Will felt as if he were forced to cross his small boundary ditch,
and what he saw beyond it was not empire, but discontented subjection.
But it is given to us sometimes even in our every-day life to
witness the saving influence of a noble nature, the divine efficacy
of rescue that may lie in a self-subduing act of fellowship.
If Dorothea, after her night's anguish, had not taken that walk
to Rosamond--why, she perhaps would have been a woman who gained
a higher character for discretion, but it would certainly not have
been as well for those three who were on one hearth in Lydgate's
house at half-past seven that evening.
Rosamond had been prepared for Will's visit, and she received him with a
languid coldness which Lydgate accounted for by her nervous exhaustion,
of which he could not suppose that it had any relation to Will.

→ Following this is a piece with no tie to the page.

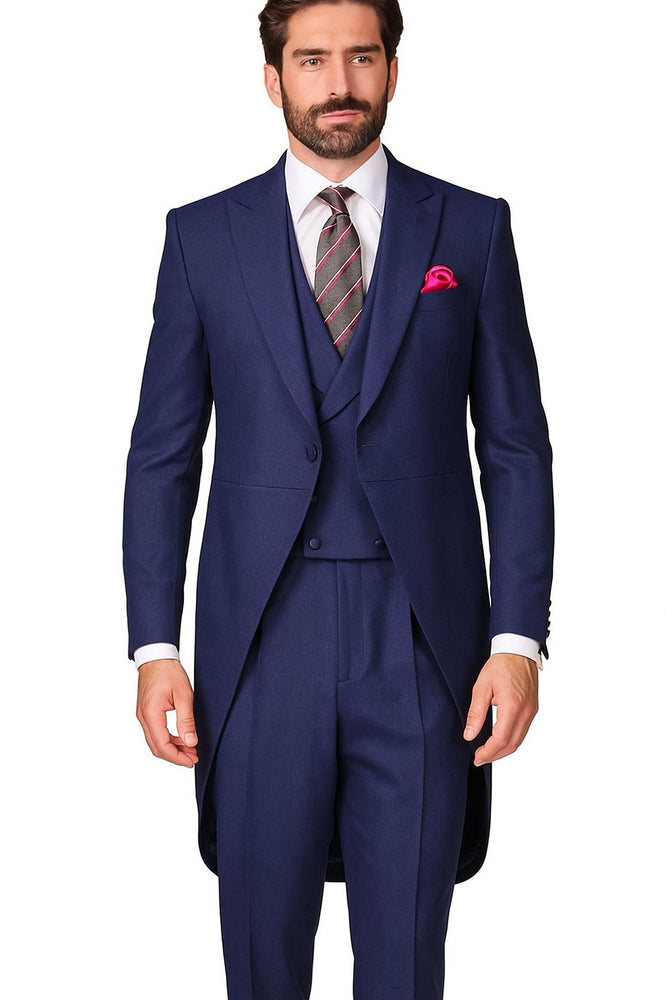 Men's Light Weight Peak Lapel Wool 1 Button Navy Blue Morning Coat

And when she sat in silence bending over a bit of work, he innocently
apologized for her in an indirect way by begging her to lean backward
and rest. Will was miserable in the necessity for playing the part
of a friend who was making his first appearance and greeting to Rosamond,
while his thoughts were busy about her feeling since that scene
of yesterday, which seemed still inexorably to enclose them both,
like the painful vision of a double madness. It happened that nothing
called Lydgate out of the room; but when Rosamond poured out the tea,
and Will came near to fetch it, she placed a tiny bit of folded
paper in his saucer. He saw it and secured it quickly, but as he
went back to his inn he had no eagerness to unfold the paper.
What Rosamond had written to him would probably deepen the painful
impressions of the evening. Still, he opened and read it by his
bed-candle. There were only these few words in her neatly flowing hand:--
"I have told Mrs. Casaubon. She is not under any mistake about you.
I told her because she came to see me and was very kind. You will
have nothing to reproach me with now. I shall not have made any
difference to you."
The effect of these words was not quite all gladness. As Will dwelt
on them with excited imagination, he felt his cheeks and ears burning
at the thought of what had occurred between Dorothea and Rosamond--
at the uncertainty how far Dorothea might still feel her dignity
wounded in having an explanation of his conduct offered to her.
There might still remain in her mind a changed association with him
which made an irremediable difference--a lasting flaw. With active
fancy he wrought himself into a state of doubt little more easy
than that of the man who has escaped from wreck by night and stands
on unknown ground in the darkness. Until that wretched yesterday--
except the moment of vexation long ago in the very same room and
in the very same presence--all their vision, all their thought of
each other, had been as in a world apart, where the sunshine fell on
tall white lilies, where no evil lurked, and no other soul entered.
But now--would Dorothea meet him in that world again?